Saturday, 22 October 2016

Window Washer

Jim Stafford took an art correspondence course with Norman Rockwell while in high school.  Five years later, while stationed at an army base in Massachusetts, he wrote a letter to the artist who invited him to his home.  When Stafford arrived, Rockwell "looked [him] up and down and said, 'You'll do.'"  Stafford wasn't sure what that meant.  It turned out Rockwell wanted him to pose as a model for his latest painting. (http://eyelevel.si.edu/2010/12/just-plain-folk-on-norman-rockwells-models.html)
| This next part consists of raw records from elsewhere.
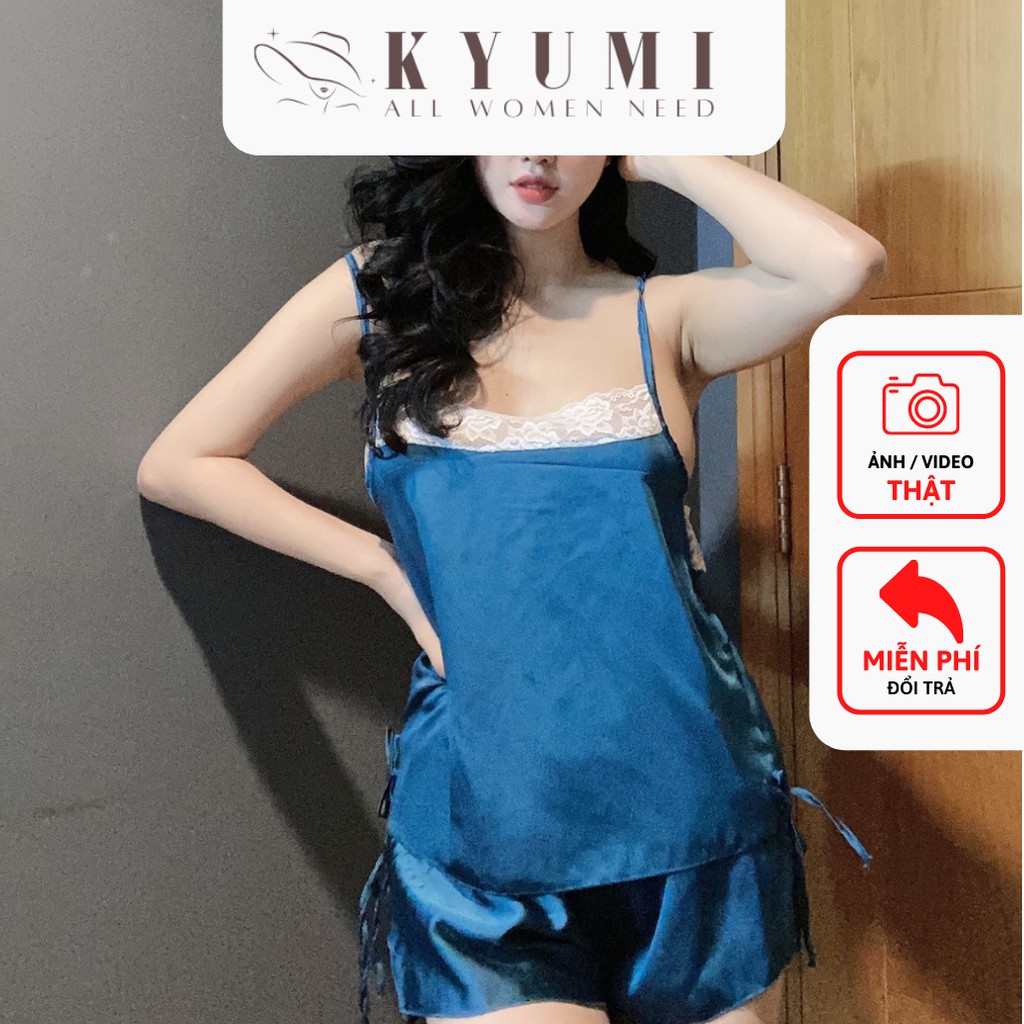 Đồ ngủ 2 dây phối ren KYUMI OFFICIAL, chất liệu lụa satin cao cấp mềm mại gợi cảm, freesize dưới 60kg 027 | BigBuy360 - bigbuy360.vn
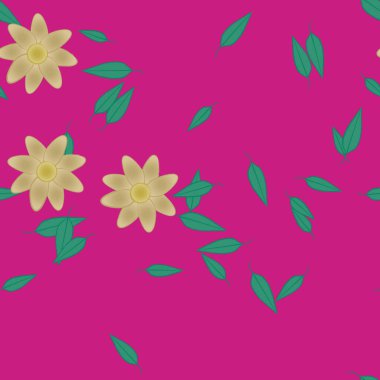 basit renkli çiçekleri olan serbest kompozisyon ve duvar kağıdı için yeşil yapraklar, vektör illüstrasyonu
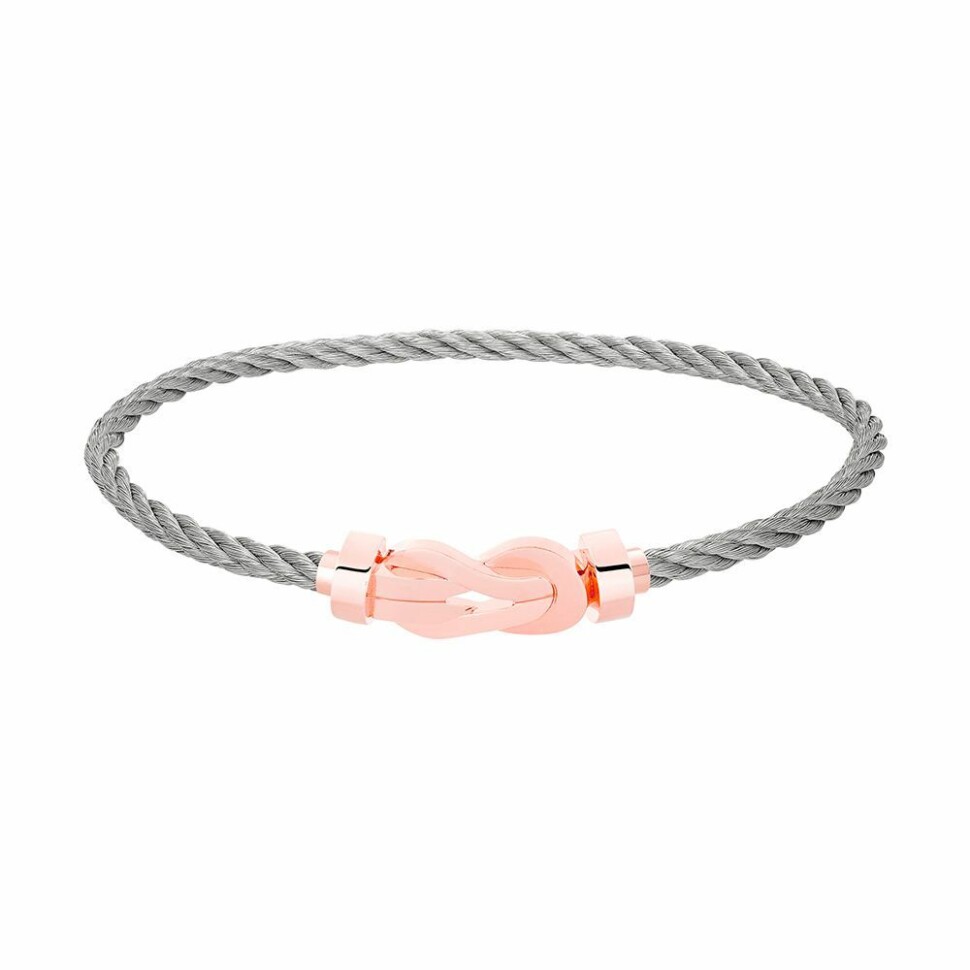 Bracelet FRED Chance Infinie moyen modèle manille en or rose et câble en acier
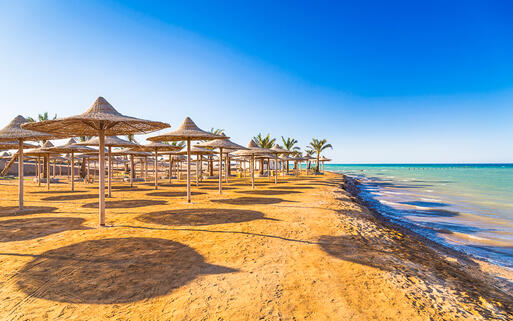 © Patryk Kosmider / Shutterstock.com Strand bei Sonnenaufgang am Roten Meer, Hurghada, Ägypten © Patryk Kosmider / Shutterstock.com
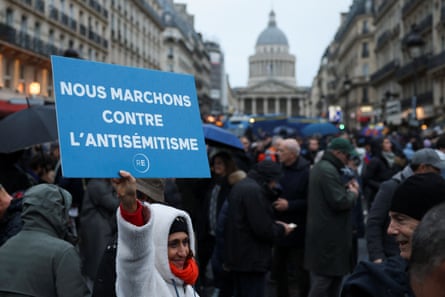 A demonstration against antisemitism, organised by the French Parliament in November 2023.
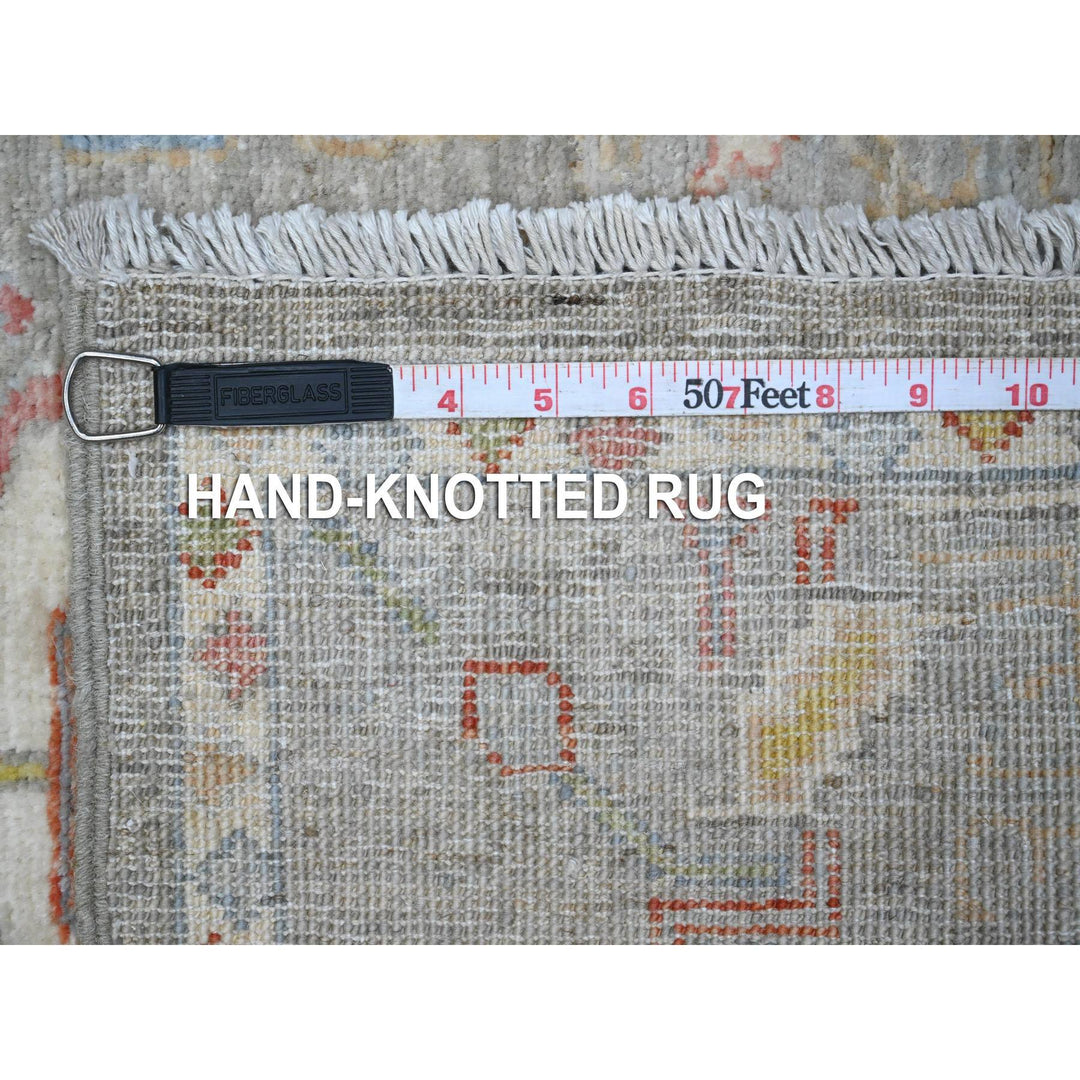 5'1" x 6'6" New Hand Knotted Grey Wool Rectangle Oriental Rug - MOA10289175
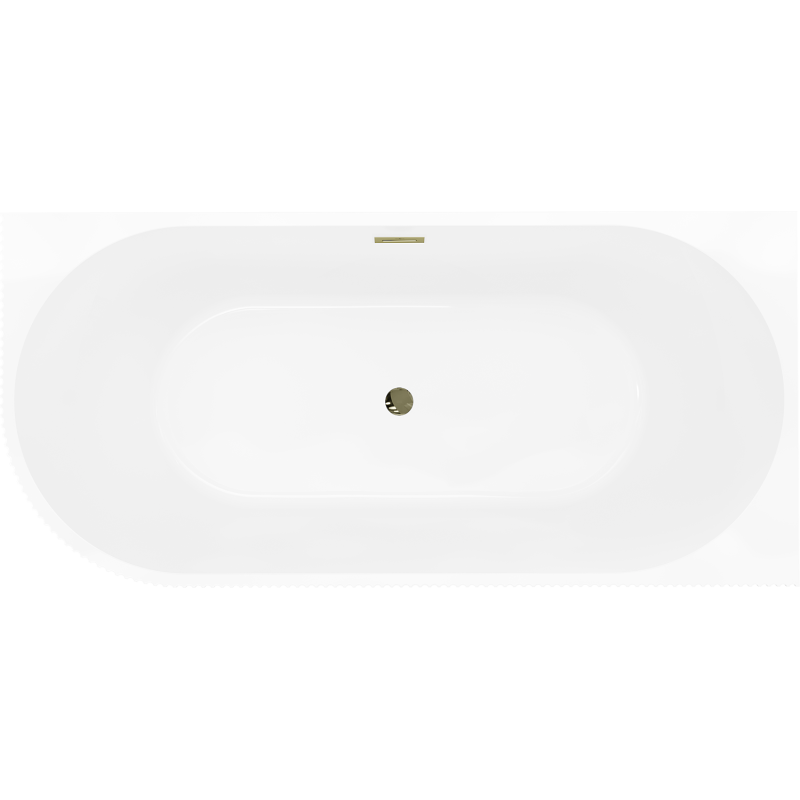 Mexen Silo Freistehende Eckbadewanne rechts geriffelt 150 x 75 cm, weiß, Überlauf gold - 52891507500P-50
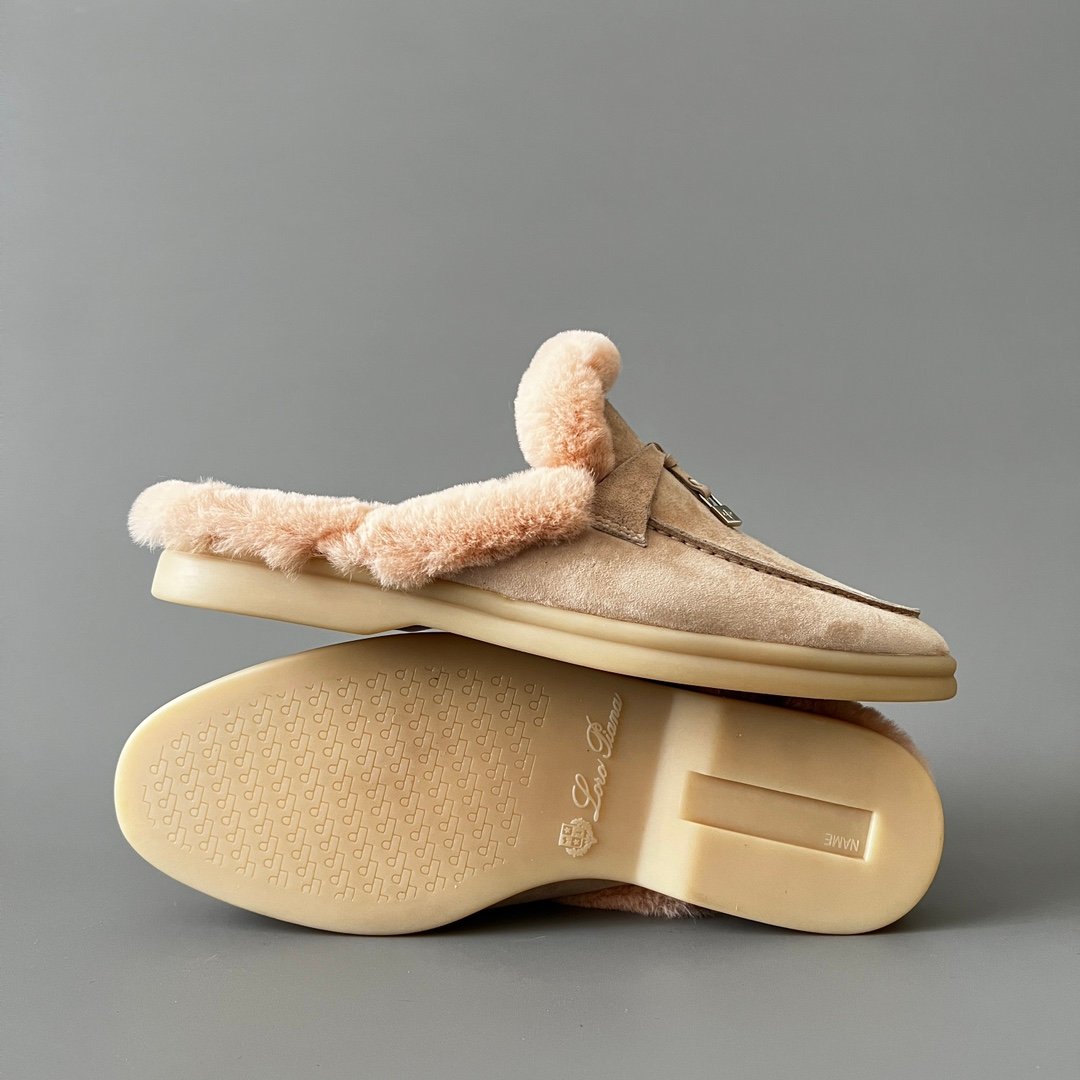 Aurora Custom Loro Piana Classic Summer Charms Walk Winter Mule - Blossom Pink Suede with Rex Rabbit Fur Lining (Women's Edition) - Image 6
Stafford would play a Manhattan window washer who comes upon an executive dictating a letter to his secretary.  The secretary looks up from her work to notice the window washer winking at her, oblivious to the executive.  Now she has likely missed a few sentences.  How will she explain to her boss what has transpired?

Rockwell paid his model $30 for three days work.  When Stafford tried to cash the pay cheque, the bank teller didn't believe it was a valid cheque, given the identity of the issuer.  Years later, he wished he had kept the cheque for posterity.

Window Washer first appeared on the cover of The Saturday Evening Post on September 17, 1960.  The original painting is now in the possession of movie maker Steven Spielberg.